Exercise description:
Your response should be the lines from the one containing "UP Election 2022" through the end of the material, copied exactly and with nothing added.
BEGIN
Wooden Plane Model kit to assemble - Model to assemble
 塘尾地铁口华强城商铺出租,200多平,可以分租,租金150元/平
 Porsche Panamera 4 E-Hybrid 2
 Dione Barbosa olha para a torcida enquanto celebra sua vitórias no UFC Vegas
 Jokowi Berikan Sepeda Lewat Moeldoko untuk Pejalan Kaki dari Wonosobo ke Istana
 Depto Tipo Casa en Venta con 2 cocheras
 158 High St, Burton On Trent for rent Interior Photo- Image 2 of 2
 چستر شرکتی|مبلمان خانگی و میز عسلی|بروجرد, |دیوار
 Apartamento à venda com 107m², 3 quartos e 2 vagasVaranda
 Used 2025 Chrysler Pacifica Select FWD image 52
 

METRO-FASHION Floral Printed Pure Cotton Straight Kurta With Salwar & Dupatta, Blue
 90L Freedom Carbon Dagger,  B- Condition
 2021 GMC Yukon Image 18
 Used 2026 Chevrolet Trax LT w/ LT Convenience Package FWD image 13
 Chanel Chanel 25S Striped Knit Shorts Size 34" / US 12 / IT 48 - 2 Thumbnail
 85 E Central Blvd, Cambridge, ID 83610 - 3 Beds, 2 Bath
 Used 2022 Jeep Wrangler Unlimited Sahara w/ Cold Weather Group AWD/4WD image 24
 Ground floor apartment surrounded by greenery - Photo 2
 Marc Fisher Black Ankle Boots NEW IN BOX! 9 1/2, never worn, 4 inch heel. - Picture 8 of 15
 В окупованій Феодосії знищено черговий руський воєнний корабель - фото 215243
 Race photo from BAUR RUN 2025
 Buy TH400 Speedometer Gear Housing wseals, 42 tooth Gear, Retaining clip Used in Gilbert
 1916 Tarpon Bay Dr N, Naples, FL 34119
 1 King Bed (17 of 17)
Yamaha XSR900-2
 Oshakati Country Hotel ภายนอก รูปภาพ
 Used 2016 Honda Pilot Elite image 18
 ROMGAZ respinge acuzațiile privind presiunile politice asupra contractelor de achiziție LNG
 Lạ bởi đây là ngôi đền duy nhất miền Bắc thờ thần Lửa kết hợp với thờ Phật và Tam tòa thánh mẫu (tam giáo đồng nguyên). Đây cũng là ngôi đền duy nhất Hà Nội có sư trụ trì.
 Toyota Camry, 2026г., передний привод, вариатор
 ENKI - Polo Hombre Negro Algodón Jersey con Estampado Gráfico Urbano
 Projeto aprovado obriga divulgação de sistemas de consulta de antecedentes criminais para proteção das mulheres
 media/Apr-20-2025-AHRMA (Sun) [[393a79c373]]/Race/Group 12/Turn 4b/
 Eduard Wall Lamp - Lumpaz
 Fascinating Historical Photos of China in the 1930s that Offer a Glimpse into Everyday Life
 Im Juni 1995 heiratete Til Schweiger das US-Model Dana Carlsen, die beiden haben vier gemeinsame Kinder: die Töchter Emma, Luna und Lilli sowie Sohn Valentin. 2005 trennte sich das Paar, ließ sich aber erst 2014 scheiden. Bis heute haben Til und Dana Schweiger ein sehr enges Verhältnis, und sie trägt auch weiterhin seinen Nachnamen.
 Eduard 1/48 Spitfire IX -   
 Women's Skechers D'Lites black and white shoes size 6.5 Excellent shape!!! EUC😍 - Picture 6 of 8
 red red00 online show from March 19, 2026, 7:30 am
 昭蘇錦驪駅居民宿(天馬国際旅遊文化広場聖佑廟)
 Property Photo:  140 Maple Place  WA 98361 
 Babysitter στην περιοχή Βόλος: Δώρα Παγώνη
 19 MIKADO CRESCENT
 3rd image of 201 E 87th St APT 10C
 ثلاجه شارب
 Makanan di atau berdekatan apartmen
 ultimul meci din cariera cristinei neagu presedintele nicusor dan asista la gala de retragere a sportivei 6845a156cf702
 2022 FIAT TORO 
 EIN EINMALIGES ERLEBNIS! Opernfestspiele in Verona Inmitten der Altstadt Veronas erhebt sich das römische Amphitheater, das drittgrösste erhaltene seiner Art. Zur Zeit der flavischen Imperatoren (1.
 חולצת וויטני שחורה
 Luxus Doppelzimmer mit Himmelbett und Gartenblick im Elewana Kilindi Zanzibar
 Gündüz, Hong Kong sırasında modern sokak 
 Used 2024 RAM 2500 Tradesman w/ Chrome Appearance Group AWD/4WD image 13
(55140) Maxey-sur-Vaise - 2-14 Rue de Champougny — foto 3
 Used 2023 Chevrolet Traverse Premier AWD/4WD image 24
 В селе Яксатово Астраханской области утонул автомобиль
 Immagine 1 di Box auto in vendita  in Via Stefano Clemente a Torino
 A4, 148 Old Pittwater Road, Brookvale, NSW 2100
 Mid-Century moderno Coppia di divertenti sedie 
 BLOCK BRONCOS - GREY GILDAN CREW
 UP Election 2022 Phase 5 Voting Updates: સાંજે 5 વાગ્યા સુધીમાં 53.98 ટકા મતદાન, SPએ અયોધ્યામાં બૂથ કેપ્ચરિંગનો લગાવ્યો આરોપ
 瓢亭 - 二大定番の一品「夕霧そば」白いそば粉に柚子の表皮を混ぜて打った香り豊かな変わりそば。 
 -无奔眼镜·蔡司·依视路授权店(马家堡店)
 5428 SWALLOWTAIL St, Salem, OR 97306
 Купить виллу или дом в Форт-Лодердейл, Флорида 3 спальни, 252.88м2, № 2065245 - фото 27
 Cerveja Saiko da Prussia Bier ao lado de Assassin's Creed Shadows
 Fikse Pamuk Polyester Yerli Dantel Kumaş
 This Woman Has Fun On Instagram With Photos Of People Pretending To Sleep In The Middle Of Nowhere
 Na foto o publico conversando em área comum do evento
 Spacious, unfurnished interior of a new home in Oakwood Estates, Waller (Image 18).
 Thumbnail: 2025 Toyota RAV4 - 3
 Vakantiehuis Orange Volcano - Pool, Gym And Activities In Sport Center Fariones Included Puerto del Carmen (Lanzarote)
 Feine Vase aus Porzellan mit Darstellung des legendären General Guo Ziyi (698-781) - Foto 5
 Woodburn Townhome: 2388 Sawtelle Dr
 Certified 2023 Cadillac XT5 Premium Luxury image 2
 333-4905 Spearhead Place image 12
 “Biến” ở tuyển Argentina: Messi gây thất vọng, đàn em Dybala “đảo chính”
END
Response box:
 UP Election 2022 Phase 5 Voting Updates: સાંજે 5 વાગ્યા સુધીમાં 53.98 ટકા મતદાન, SPએ અયોધ્યામાં બૂથ કેપ્ચરિંગનો લગાવ્યો આરોપ
 瓢亭 - 二大定番の一品「夕霧そば」白いそば粉に柚子の表皮を混ぜて打った香り豊かな変わりそば。 
 -无奔眼镜·蔡司·依视路授权店(马家堡店)
 5428 SWALLOWTAIL St, Salem, OR 97306
 Купить виллу или дом в Форт-Лодердейл, Флорида 3 спальни, 252.88м2, № 2065245 - фото 27
 Cerveja Saiko da Prussia Bier ao lado de Assassin's Creed Shadows
 Fikse Pamuk Polyester Yerli Dantel Kumaş
 This Woman Has Fun On Instagram With Photos Of People Pretending To Sleep In The Middle Of Nowhere
 Na foto o publico conversando em área comum do evento
 Spacious, unfurnished interior of a new home in Oakwood Estates, Waller (Image 18).
 Thumbnail: 2025 Toyota RAV4 - 3
 Vakantiehuis Orange Volcano - Pool, Gym And Activities In Sport Center Fariones Included Puerto del Carmen (Lanzarote)
 Feine Vase aus Porzellan mit Darstellung des legendären General Guo Ziyi (698-781) - Foto 5
 Woodburn Townhome: 2388 Sawtelle Dr
 Certified 2023 Cadillac XT5 Premium Luxury image 2
 333-4905 Spearhead Place image 12
 “Biến” ở tuyển Argentina: Messi gây thất vọng, đàn em Dybala “đảo chính”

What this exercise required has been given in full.